Hansi Lo Wang and Ruth Talbot, NPR, August 22, 2021

Some news coverage of the latest 2020 census results may have led you to think the white population in the U.S. is shrinking or in decline.

The actual story about the country’s biggest racial group is more complicated than that.

And it’s largely the result of a major shift in how the U.S. census asks about people’s racial identities. Since 2000, the forms for the national, once-a-decade head count have allowed participants to check off more than one box when answering the race question.

While the 2020 census results show fewer people checking off only the “White” box compared with in 2010, there was an almost 316% jump in the number of U.S. residents who identified with the “White” category and one or more of the other racial groups. Their responses boosted the size of a white population that includes anyone who marked “White.”

The new census numbers also show that the more broadly defined white population did not keep pace with the rise in the numbers of people identifying with other racial groups over the past 10 years — with one exception.

Some recent analysis of the new census data, however, has homed in on a more narrowly defined group with falling numbers — people who only marked the “White” box for the race question and did not identify as Hispanic or Latino (which is not a racial category according to federal standards).


The Census Bureau has to follow an official definition of “white” that is set by the White House’s Office of Management and Budget. It says anyone with “origins in any of the original peoples of Europe, the Middle East or North Africa” should be categorized as white in federal government data about race.

Still, census data is not necessarily a reflection of every U.S. resident’s family tree. This information is produced through how people report their racial identities themselves, and they may have different concepts of who is “white,” which can be influenced by notions of white privilege, skin tone and other complicated factors.


Nowadays, some people who once checked off only the “White” box on forms may feel “more comfortable giving a more nuanced answer” about their origins, says Charles Gallagher, a sociologist at La Salle University who studies white identity, because “there’ll be very little social cost to it.”
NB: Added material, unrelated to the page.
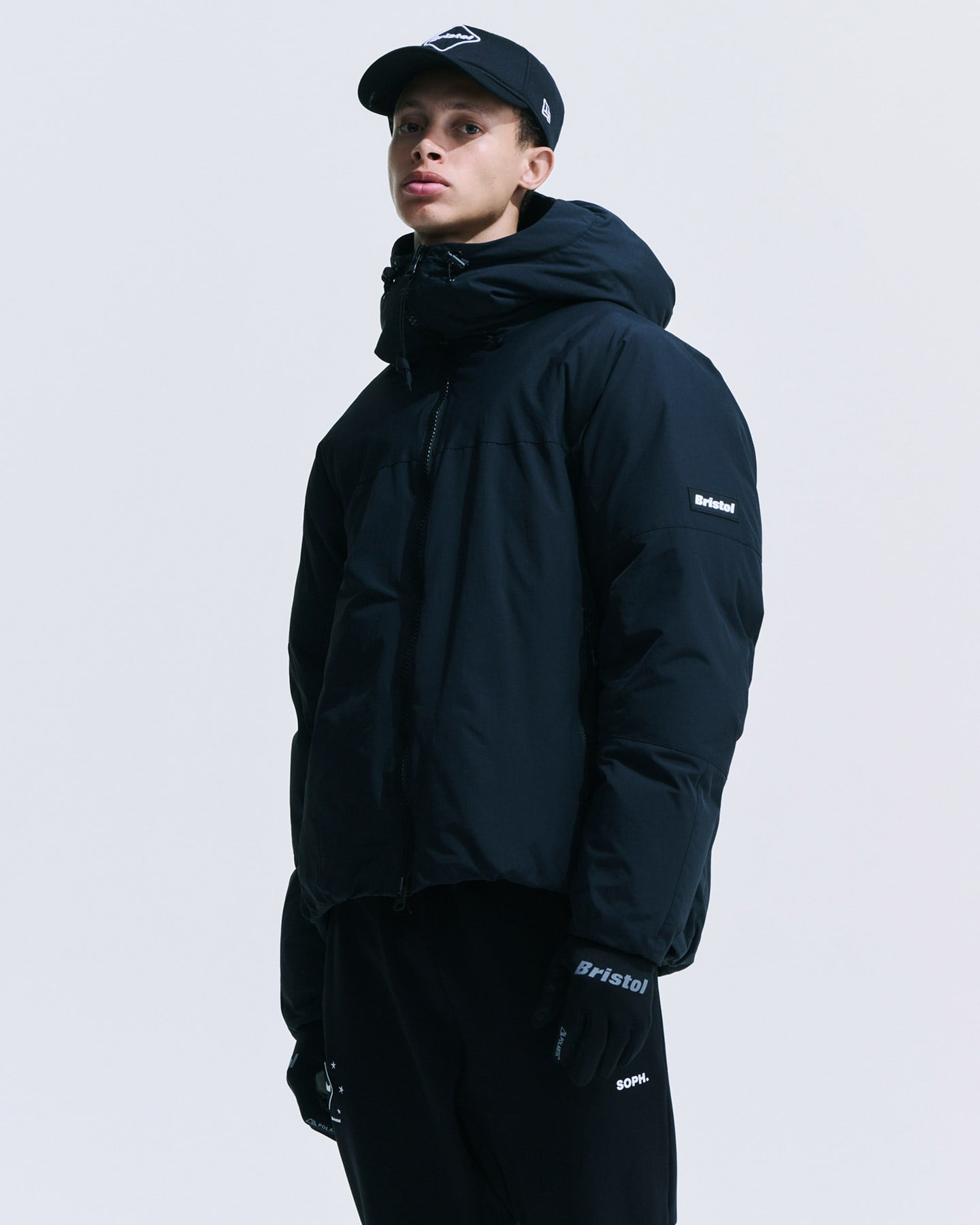 SOPH. | DOWN HOODED JACKET(M BLACK):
“For whites, there’s almost something that I think is attractive, almost chic in some ways where you can claim, ‘Well, yeah, I’m part Native American. Yeah, I’m part Asian,’ ” says Gallagher, who adds that for many, whiteness is still defined by proximity to Blackness. {snip}


Some data crunchers have used historic terms to describe the 2.6% drop in what the bureau has called the “non-Hispanic white alone” population (that is, people who checked off only the “White” box and did not identify as Hispanic or Latino) — the supposed “first” time this group has not grown in the more than two centuries since the country’s original count.


An almost 53% drop in the number of Latinos checking off only the “White” box compared with in 2010 caught the attention of many demographers. While it’s unclear how much of the shift is the result of changes to how the bureau asked about race and how it sorted through the responses, some researchers are wondering whether racial identities among many Latinx census participants are undergoing a sea change.
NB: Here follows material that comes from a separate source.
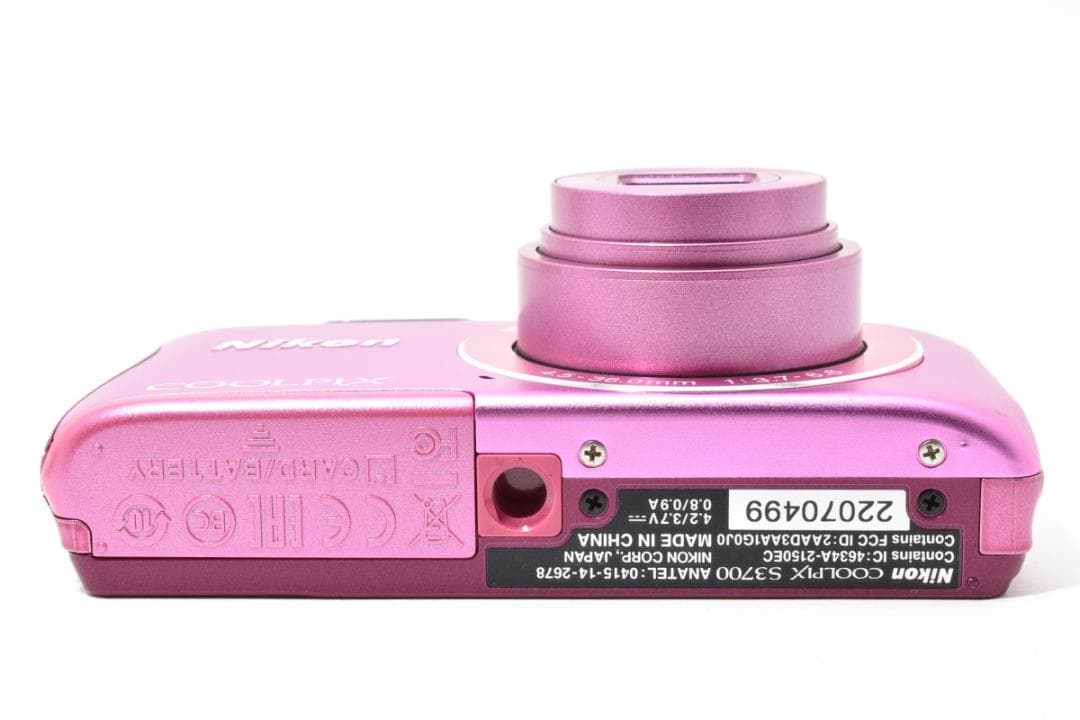ニコン　Nikon COOLPIX S3700 ピンク　コンパクトデジタルカメラ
“It suggests that perhaps that was an illusion that either demographers or others had that the Latinos that were identifying as white were firmly attached to that racial category,” says Rogelio Sáenz, a sociologist and demographer at the University of Texas at San Antonio whose research has focused on Latinos and racial identity.

The 2020 census results also show a significant rise in Latinos identifying as multiracial, contributing to an 8% increase from 2010 in the number of Latinos identifying with the “White” category.


While white people still make up more than 50% of the country, the Census Bureau’s news conference and press release about the new race and ethnicity data avoided describing that population as the “majority.”

The week before releasing the latest 2020 census results, the bureau revealed in a blog post that it’s moving away from using the concepts of “majority” and “minority” when analyzing the country’s diversity. How to classify certain groups has “become more complex and contested in recent decades, especially as many people may not identify with certain population groups even if that is how they are classified and tabulated per federal standards,” according to the blog post.

Morning — the NYU sociologist and former member of the Census Bureau’s National Advisory Committee on Racial, Ethnic, and Other Populations — sees the change as a response to criticism the bureau faced after releasing a demographic projection in 2008. By 2042, the bureau announced more than a decade ago, “non-Hispanic, single-race whites” would make up the minority and all other groups would become the new majority in the United States.

Some demographers and other academics have warned the bureau to steer away from that kind of framing, which, Morning says, could be seen as “scaremongering” among segments of the white population who feel anxious about demographic shifts.

The federal government, however, still uses this type of classification for data used to enforce civil rights laws. According to guidance that the Office of Management and Budget released in 2000, a person identifying with the “White” category and with “one minority race” should be “allocated to the minority race.”